## DIRECTIONS FOR THIS TASK
Copy the material below verbatim from the line with "Moving forward, I" to the line with "This article was", both lines included, omitting pictures and every line outside that range.

## PROVIDED INFORMATION
# # # # #

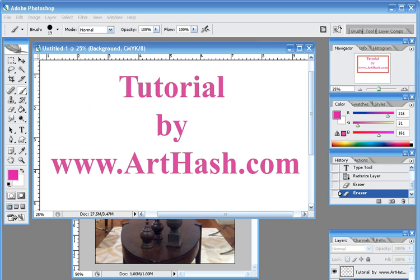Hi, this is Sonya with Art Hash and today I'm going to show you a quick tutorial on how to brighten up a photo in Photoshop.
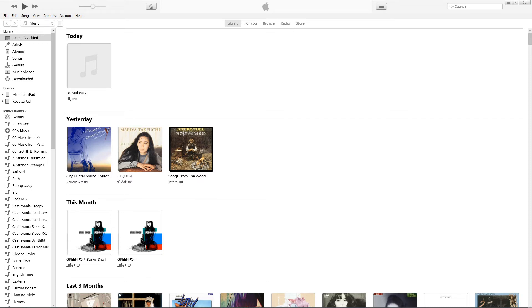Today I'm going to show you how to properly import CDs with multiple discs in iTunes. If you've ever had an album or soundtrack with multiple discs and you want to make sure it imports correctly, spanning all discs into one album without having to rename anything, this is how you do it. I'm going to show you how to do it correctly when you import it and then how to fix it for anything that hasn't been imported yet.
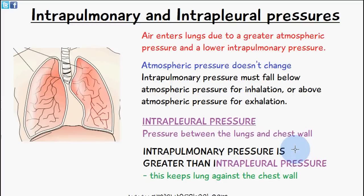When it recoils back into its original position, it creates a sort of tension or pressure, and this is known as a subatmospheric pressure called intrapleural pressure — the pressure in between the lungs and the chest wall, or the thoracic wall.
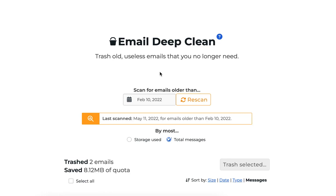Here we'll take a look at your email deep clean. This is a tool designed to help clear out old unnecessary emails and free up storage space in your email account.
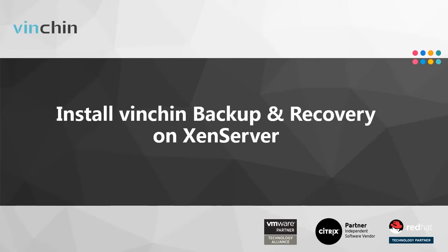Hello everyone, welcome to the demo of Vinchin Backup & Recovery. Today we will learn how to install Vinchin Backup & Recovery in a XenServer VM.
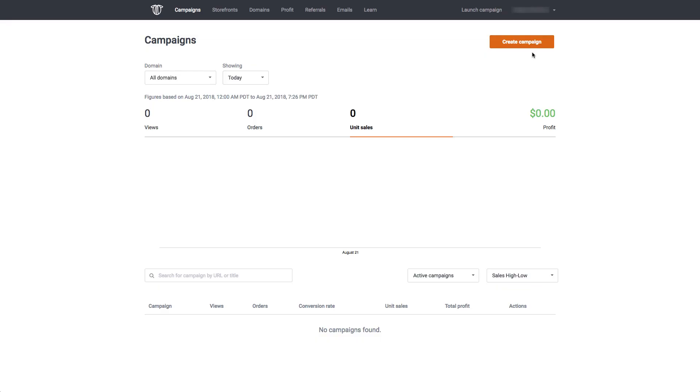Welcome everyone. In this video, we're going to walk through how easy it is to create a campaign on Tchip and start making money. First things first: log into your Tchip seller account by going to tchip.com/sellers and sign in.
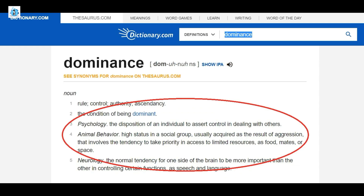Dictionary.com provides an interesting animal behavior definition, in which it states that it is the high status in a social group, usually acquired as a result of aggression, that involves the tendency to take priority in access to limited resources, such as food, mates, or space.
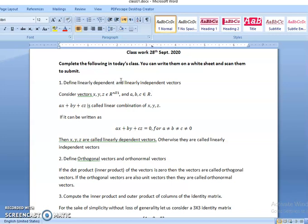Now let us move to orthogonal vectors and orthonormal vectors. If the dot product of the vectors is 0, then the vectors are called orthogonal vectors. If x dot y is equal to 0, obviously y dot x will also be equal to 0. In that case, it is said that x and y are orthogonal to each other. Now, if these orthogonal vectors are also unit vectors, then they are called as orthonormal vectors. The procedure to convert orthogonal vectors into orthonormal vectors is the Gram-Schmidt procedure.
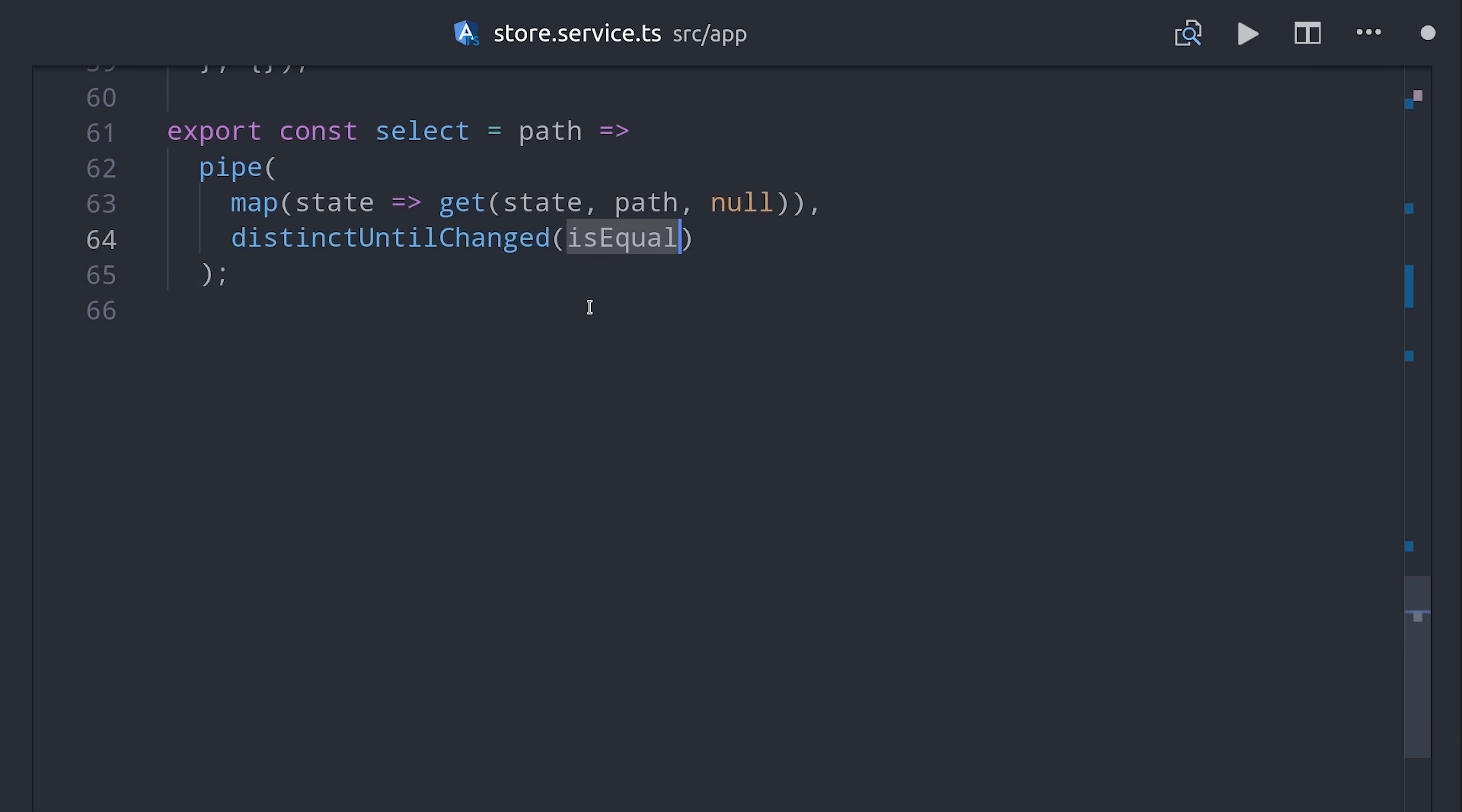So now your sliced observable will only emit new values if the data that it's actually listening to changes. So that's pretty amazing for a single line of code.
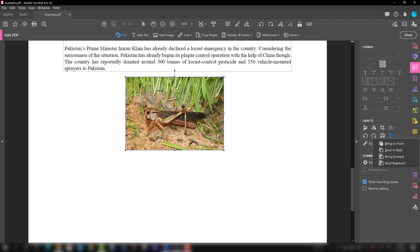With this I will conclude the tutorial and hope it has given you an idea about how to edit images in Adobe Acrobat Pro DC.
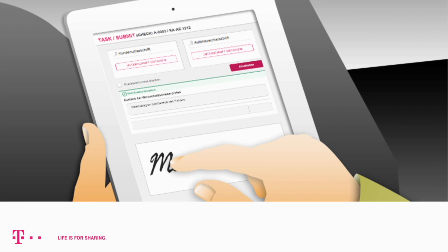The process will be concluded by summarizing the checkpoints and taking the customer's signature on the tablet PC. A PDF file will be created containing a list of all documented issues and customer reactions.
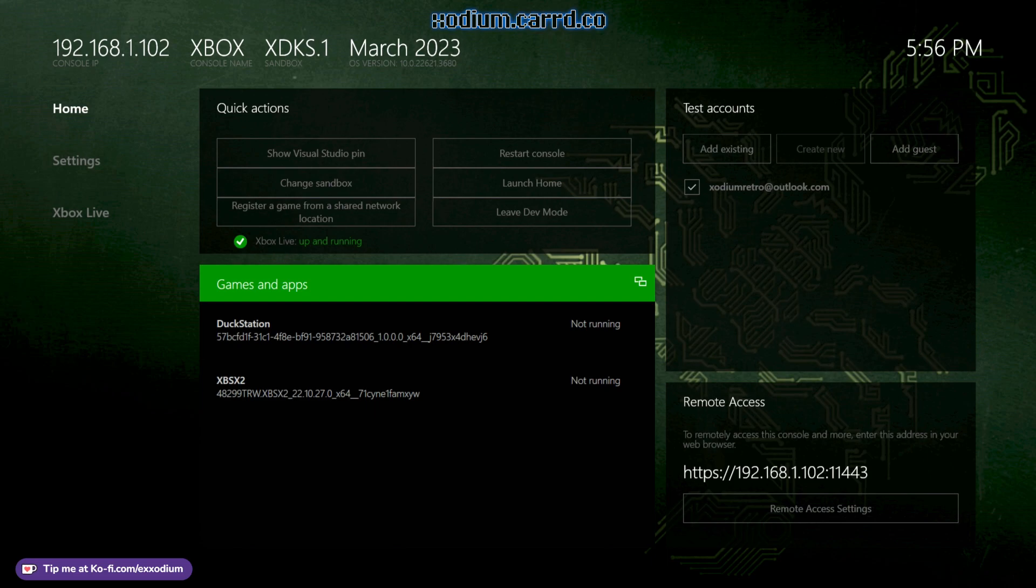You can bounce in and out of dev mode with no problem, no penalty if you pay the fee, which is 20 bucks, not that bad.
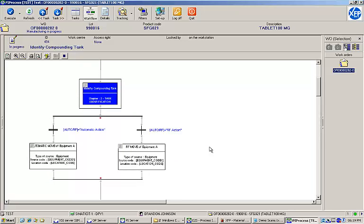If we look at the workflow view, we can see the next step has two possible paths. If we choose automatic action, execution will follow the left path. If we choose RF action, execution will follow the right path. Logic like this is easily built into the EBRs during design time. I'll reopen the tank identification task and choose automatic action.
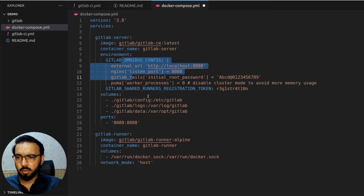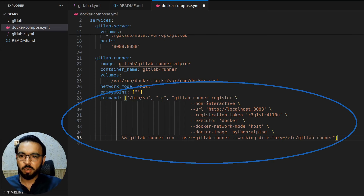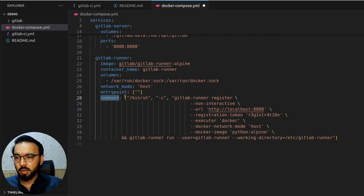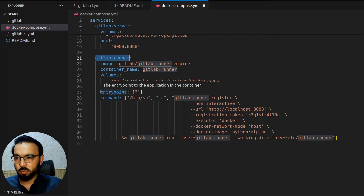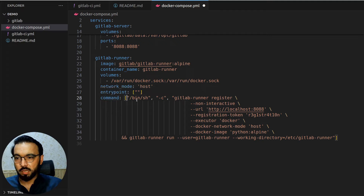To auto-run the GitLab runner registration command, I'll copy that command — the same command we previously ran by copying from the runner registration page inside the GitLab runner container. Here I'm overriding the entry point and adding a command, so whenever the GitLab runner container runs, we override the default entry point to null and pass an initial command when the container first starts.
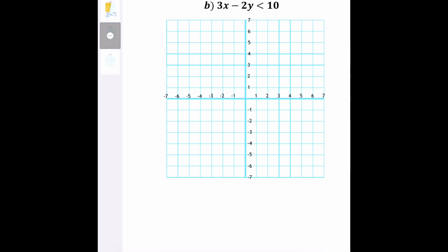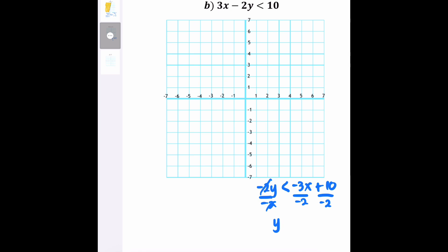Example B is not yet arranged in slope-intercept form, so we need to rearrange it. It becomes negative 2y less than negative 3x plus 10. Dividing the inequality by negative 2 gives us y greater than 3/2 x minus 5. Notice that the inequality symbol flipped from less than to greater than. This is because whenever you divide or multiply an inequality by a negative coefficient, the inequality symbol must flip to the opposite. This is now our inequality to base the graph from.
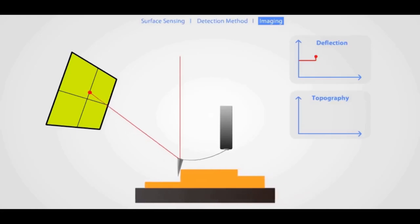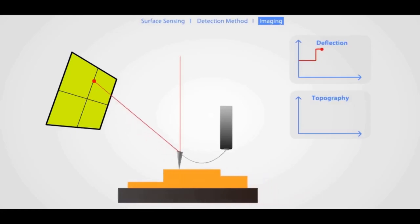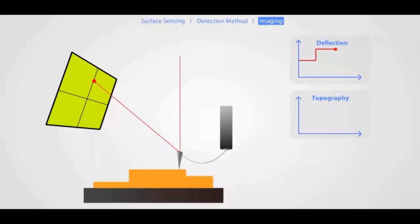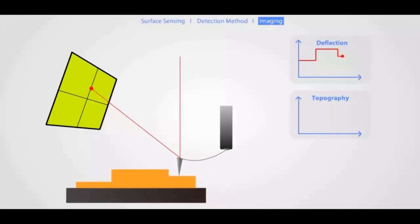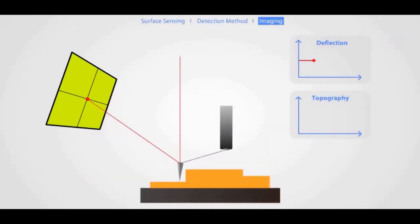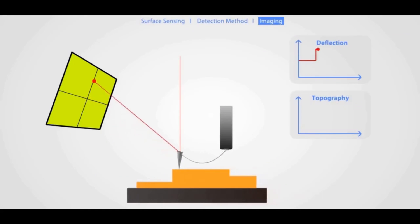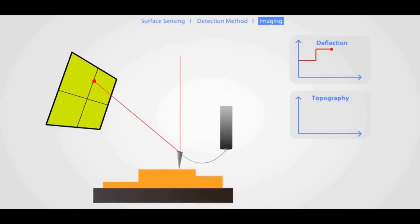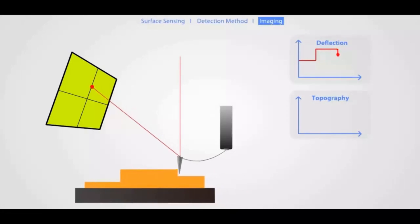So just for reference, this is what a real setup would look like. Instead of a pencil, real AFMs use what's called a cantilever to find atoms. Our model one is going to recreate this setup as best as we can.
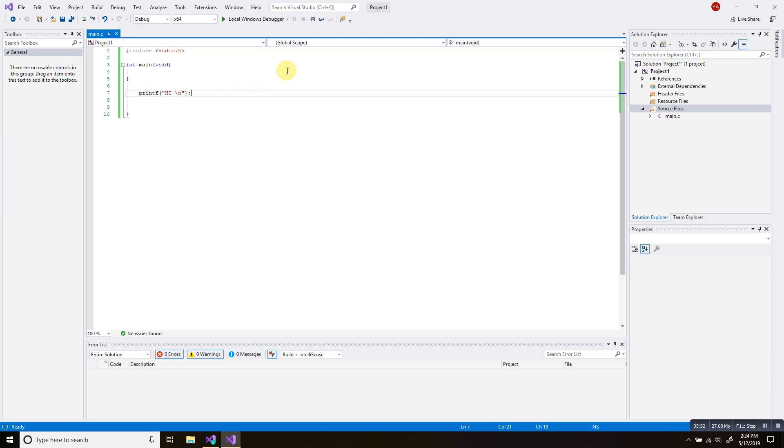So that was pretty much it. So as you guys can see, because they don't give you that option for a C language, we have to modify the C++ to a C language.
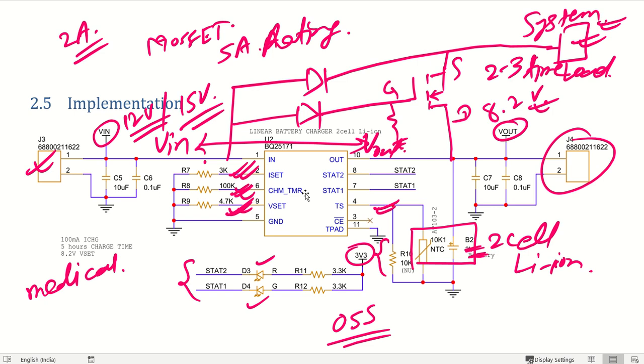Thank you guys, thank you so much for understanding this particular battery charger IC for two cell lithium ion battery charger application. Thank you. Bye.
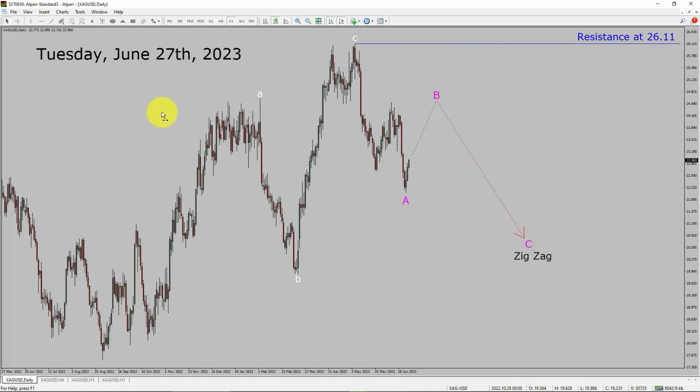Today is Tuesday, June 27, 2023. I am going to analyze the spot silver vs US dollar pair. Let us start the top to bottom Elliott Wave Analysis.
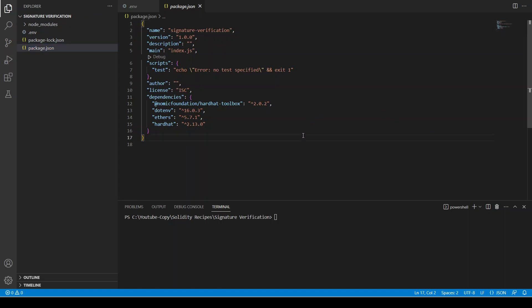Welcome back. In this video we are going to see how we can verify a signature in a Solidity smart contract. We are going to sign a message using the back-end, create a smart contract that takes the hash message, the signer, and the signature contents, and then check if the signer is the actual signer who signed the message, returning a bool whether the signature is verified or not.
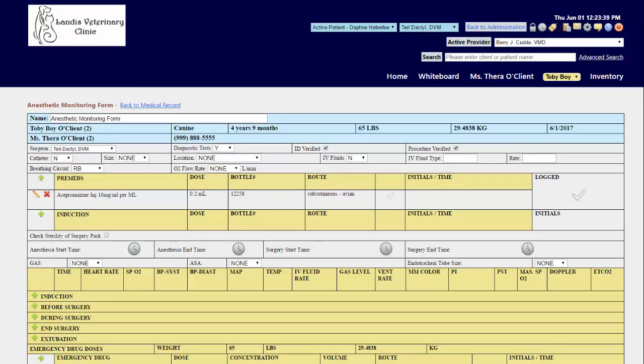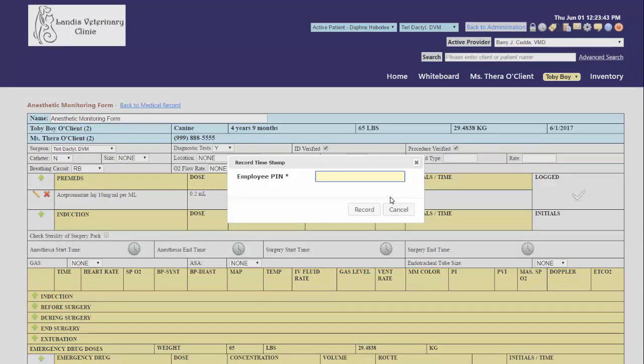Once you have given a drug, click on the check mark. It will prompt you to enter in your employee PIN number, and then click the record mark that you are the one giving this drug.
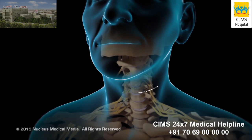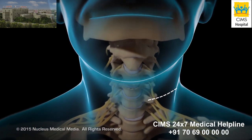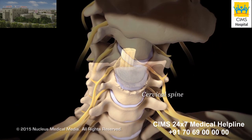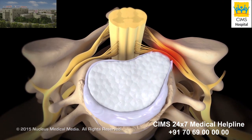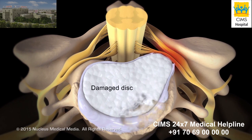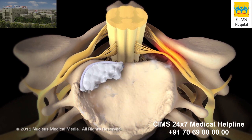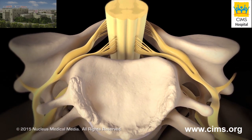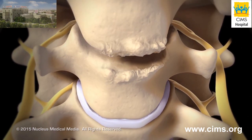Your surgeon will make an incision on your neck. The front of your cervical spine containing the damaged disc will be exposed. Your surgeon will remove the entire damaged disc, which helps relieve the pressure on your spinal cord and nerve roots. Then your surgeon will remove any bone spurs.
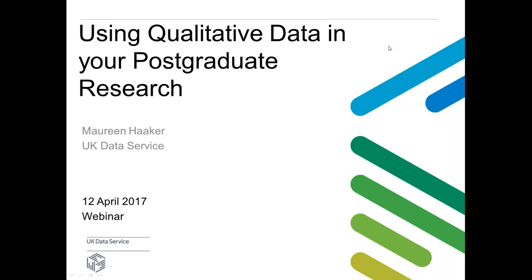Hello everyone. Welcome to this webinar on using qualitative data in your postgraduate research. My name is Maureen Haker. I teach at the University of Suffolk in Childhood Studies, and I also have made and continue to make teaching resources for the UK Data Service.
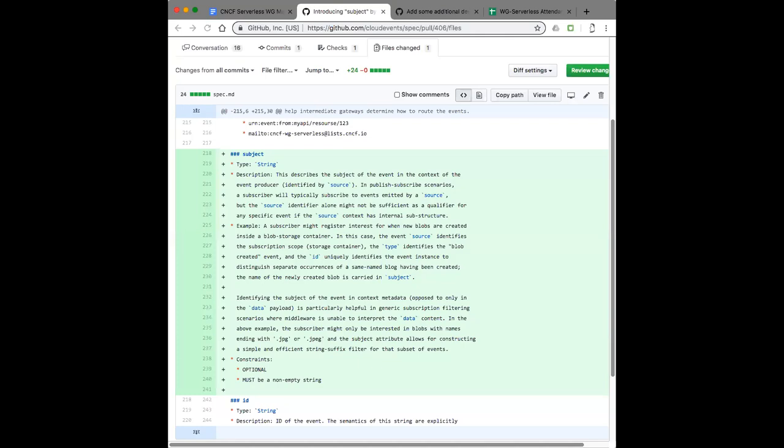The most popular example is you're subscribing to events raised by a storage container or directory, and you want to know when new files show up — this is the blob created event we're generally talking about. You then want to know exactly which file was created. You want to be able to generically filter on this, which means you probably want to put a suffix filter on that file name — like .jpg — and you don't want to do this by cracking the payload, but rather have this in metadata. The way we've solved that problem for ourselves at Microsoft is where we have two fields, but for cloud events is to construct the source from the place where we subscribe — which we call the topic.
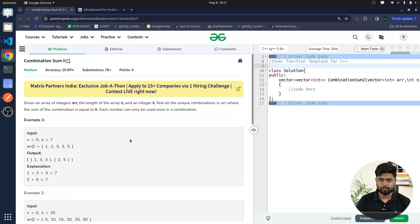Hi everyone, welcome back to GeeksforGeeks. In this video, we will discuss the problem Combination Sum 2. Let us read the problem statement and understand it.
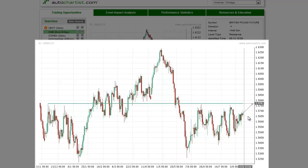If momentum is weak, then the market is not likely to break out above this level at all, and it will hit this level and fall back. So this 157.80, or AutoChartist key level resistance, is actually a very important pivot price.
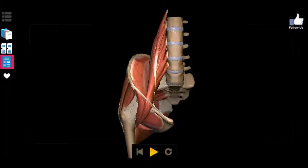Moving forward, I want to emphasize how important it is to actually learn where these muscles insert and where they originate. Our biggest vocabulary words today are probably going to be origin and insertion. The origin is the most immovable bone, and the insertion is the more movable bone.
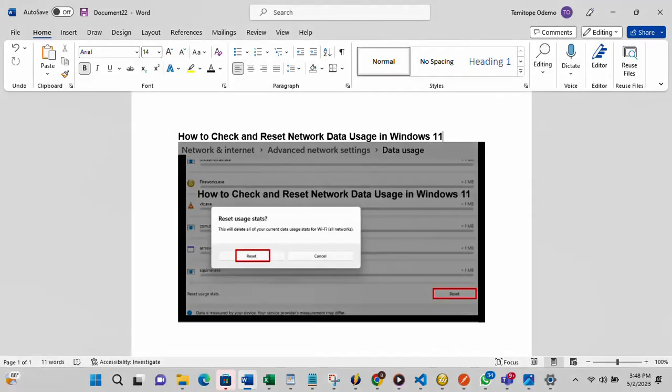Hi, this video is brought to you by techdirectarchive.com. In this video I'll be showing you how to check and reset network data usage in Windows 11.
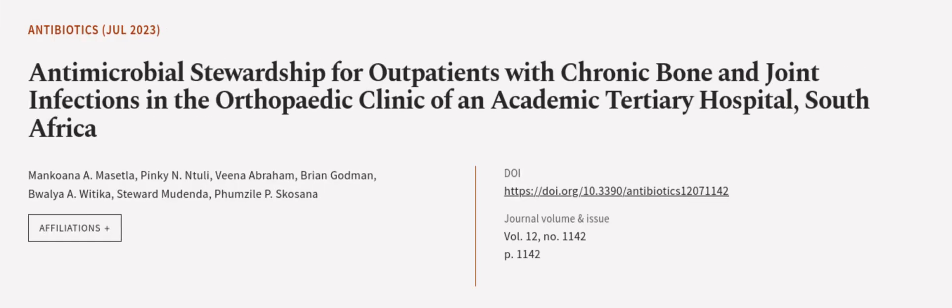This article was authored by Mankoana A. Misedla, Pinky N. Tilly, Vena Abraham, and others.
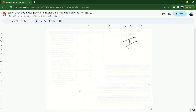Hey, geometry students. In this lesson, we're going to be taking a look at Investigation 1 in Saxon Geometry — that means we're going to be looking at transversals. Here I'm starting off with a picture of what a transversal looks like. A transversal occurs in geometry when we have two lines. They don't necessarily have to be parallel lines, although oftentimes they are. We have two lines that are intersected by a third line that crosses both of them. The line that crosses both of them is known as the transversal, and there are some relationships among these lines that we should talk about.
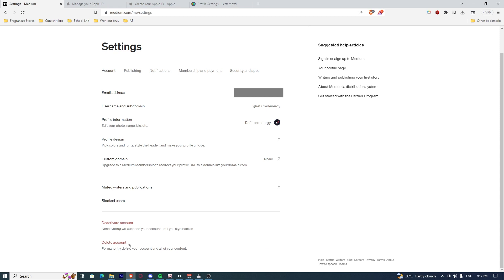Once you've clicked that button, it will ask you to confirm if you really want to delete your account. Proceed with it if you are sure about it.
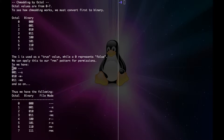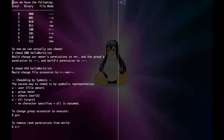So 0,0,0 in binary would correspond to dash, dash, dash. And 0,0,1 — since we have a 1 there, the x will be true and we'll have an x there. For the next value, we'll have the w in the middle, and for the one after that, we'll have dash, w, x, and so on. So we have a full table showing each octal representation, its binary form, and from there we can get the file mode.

# # # # #

## COMPLETED EXERCISE
Moving forward, I want to emphasize how important it is to actually learn where these muscles insert and where they originate. Our biggest vocabulary words today are probably going to be origin and insertion. The origin is the most immovable bone, and the insertion is the more movable bone.
Hi, this video is brought to you by techdirectarchive.com. In this video I'll be showing you how to check and reset network data usage in Windows 11.
This article was authored by Mankoana A. Misedla, Pinky N. Tilly, Vena Abraham, and others.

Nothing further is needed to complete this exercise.